■ **Instructions to follow**: Could you write out the data that follows, exactly and in full?

Data extracted from a collection:
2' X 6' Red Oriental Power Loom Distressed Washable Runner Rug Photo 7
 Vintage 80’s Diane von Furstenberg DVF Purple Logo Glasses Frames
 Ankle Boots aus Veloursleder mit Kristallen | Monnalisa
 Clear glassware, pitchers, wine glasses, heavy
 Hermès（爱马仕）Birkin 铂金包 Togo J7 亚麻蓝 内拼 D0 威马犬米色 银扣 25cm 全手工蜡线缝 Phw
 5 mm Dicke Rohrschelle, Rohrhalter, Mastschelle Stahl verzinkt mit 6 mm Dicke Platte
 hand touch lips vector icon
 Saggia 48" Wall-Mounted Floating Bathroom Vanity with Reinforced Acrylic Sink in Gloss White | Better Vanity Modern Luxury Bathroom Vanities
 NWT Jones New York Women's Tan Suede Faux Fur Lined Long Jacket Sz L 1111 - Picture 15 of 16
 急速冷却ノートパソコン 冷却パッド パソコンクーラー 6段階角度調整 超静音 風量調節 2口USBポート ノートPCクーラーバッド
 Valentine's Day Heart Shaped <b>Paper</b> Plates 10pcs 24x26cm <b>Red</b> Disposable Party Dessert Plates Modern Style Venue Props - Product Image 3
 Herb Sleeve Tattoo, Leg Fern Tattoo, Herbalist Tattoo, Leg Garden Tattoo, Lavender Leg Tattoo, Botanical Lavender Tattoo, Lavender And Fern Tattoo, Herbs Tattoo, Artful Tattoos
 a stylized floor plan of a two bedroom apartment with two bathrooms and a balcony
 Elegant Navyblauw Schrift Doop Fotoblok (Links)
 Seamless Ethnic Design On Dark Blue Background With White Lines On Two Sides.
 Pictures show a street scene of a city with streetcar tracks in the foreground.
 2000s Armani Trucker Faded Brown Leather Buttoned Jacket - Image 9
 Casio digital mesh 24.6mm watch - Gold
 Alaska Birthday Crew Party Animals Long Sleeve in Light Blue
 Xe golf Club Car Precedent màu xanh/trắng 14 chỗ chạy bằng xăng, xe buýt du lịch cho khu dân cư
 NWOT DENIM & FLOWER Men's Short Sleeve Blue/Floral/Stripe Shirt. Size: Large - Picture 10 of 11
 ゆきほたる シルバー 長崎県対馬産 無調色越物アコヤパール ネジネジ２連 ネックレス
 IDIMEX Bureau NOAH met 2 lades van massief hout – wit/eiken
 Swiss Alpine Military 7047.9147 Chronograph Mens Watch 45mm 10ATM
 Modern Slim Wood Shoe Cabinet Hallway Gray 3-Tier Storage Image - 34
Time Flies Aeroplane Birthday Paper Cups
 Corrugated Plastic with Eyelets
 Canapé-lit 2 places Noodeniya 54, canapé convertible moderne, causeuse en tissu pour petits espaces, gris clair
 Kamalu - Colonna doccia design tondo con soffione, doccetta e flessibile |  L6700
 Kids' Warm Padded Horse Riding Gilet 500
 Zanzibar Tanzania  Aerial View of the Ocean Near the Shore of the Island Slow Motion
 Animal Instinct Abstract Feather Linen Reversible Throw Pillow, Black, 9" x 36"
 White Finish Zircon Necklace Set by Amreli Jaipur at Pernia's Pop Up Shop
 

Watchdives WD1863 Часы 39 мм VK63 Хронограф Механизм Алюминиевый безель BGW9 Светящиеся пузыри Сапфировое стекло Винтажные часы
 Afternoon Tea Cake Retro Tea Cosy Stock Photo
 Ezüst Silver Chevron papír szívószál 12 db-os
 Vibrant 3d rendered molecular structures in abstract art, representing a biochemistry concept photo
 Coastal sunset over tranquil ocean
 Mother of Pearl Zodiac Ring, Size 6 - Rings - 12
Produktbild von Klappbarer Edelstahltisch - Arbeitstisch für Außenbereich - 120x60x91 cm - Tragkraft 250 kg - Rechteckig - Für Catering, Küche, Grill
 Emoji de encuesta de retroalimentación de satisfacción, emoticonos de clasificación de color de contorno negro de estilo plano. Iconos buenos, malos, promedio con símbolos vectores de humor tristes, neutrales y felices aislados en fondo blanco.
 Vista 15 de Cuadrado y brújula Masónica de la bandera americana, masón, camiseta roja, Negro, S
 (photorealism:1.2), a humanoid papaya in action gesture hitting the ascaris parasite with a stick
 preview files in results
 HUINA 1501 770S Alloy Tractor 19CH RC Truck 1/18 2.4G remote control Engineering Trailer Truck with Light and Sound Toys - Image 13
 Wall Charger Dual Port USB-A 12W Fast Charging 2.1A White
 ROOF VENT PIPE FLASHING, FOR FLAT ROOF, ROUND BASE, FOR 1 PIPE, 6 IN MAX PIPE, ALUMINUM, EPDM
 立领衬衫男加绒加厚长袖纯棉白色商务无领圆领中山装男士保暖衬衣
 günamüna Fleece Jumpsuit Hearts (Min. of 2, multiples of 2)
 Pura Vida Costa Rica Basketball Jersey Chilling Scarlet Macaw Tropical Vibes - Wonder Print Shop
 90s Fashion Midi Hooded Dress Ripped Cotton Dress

■ **Exercise response**:
2' X 6' Red Oriental Power Loom Distressed Washable Runner Rug Photo 7
 Vintage 80’s Diane von Furstenberg DVF Purple Logo Glasses Frames
 Ankle Boots aus Veloursleder mit Kristallen | Monnalisa
 Clear glassware, pitchers, wine glasses, heavy
 Hermès（爱马仕）Birkin 铂金包 Togo J7 亚麻蓝 内拼 D0 威马犬米色 银扣 25cm 全手工蜡线缝 Phw
 5 mm Dicke Rohrschelle, Rohrhalter, Mastschelle Stahl verzinkt mit 6 mm Dicke Platte
 hand touch lips vector icon
 Saggia 48" Wall-Mounted Floating Bathroom Vanity with Reinforced Acrylic Sink in Gloss White | Better Vanity Modern Luxury Bathroom Vanities
 NWT Jones New York Women's Tan Suede Faux Fur Lined Long Jacket Sz L 1111 - Picture 15 of 16
 急速冷却ノートパソコン 冷却パッド パソコンクーラー 6段階角度調整 超静音 風量調節 2口USBポート ノートPCクーラーバッド
 Valentine's Day Heart Shaped <b>Paper</b> Plates 10pcs 24x26cm <b>Red</b> Disposable Party Dessert Plates Modern Style Venue Props - Product Image 3
 Herb Sleeve Tattoo, Leg Fern Tattoo, Herbalist Tattoo, Leg Garden Tattoo, Lavender Leg Tattoo, Botanical Lavender Tattoo, Lavender And Fern Tattoo, Herbs Tattoo, Artful Tattoos
 a stylized floor plan of a two bedroom apartment with two bathrooms and a balcony
 Elegant Navyblauw Schrift Doop Fotoblok (Links)
 Seamless Ethnic Design On Dark Blue Background With White Lines On Two Sides.
 Pictures show a street scene of a city with streetcar tracks in the foreground.
 2000s Armani Trucker Faded Brown Leather Buttoned Jacket - Image 9
 Casio digital mesh 24.6mm watch - Gold
 Alaska Birthday Crew Party Animals Long Sleeve in Light Blue
 Xe golf Club Car Precedent màu xanh/trắng 14 chỗ chạy bằng xăng, xe buýt du lịch cho khu dân cư
 NWOT DENIM & FLOWER Men's Short Sleeve Blue/Floral/Stripe Shirt. Size: Large - Picture 10 of 11
 ゆきほたる シルバー 長崎県対馬産 無調色越物アコヤパール ネジネジ２連 ネックレス
 IDIMEX Bureau NOAH met 2 lades van massief hout – wit/eiken
 Swiss Alpine Military 7047.9147 Chronograph Mens Watch 45mm 10ATM
 Modern Slim Wood Shoe Cabinet Hallway Gray 3-Tier Storage Image - 34
Time Flies Aeroplane Birthday Paper Cups
 Corrugated Plastic with Eyelets
 Canapé-lit 2 places Noodeniya 54, canapé convertible moderne, causeuse en tissu pour petits espaces, gris clair
 Kamalu - Colonna doccia design tondo con soffione, doccetta e flessibile |  L6700
 Kids' Warm Padded Horse Riding Gilet 500
 Zanzibar Tanzania  Aerial View of the Ocean Near the Shore of the Island Slow Motion
 Animal Instinct Abstract Feather Linen Reversible Throw Pillow, Black, 9" x 36"
 White Finish Zircon Necklace Set by Amreli Jaipur at Pernia's Pop Up Shop
 

Watchdives WD1863 Часы 39 мм VK63 Хронограф Механизм Алюминиевый безель BGW9 Светящиеся пузыри Сапфировое стекло Винтажные часы
 Afternoon Tea Cake Retro Tea Cosy Stock Photo
 Ezüst Silver Chevron papír szívószál 12 db-os
 Vibrant 3d rendered molecular structures in abstract art, representing a biochemistry concept photo
 Coastal sunset over tranquil ocean
 Mother of Pearl Zodiac Ring, Size 6 - Rings - 12
Produktbild von Klappbarer Edelstahltisch - Arbeitstisch für Außenbereich - 120x60x91 cm - Tragkraft 250 kg - Rechteckig - Für Catering, Küche, Grill
 Emoji de encuesta de retroalimentación de satisfacción, emoticonos de clasificación de color de contorno negro de estilo plano. Iconos buenos, malos, promedio con símbolos vectores de humor tristes, neutrales y felices aislados en fondo blanco.
 Vista 15 de Cuadrado y brújula Masónica de la bandera americana, masón, camiseta roja, Negro, S
 (photorealism:1.2), a humanoid papaya in action gesture hitting the ascaris parasite with a stick
 preview files in results
 HUINA 1501 770S Alloy Tractor 19CH RC Truck 1/18 2.4G remote control Engineering Trailer Truck with Light and Sound Toys - Image 13
 Wall Charger Dual Port USB-A 12W Fast Charging 2.1A White
 ROOF VENT PIPE FLASHING, FOR FLAT ROOF, ROUND BASE, FOR 1 PIPE, 6 IN MAX PIPE, ALUMINUM, EPDM
 立领衬衫男加绒加厚长袖纯棉白色商务无领圆领中山装男士保暖衬衣
 günamüna Fleece Jumpsuit Hearts (Min. of 2, multiples of 2)
 Pura Vida Costa Rica Basketball Jersey Chilling Scarlet Macaw Tropical Vibes - Wonder Print Shop
 90s Fashion Midi Hooded Dress Ripped Cotton Dress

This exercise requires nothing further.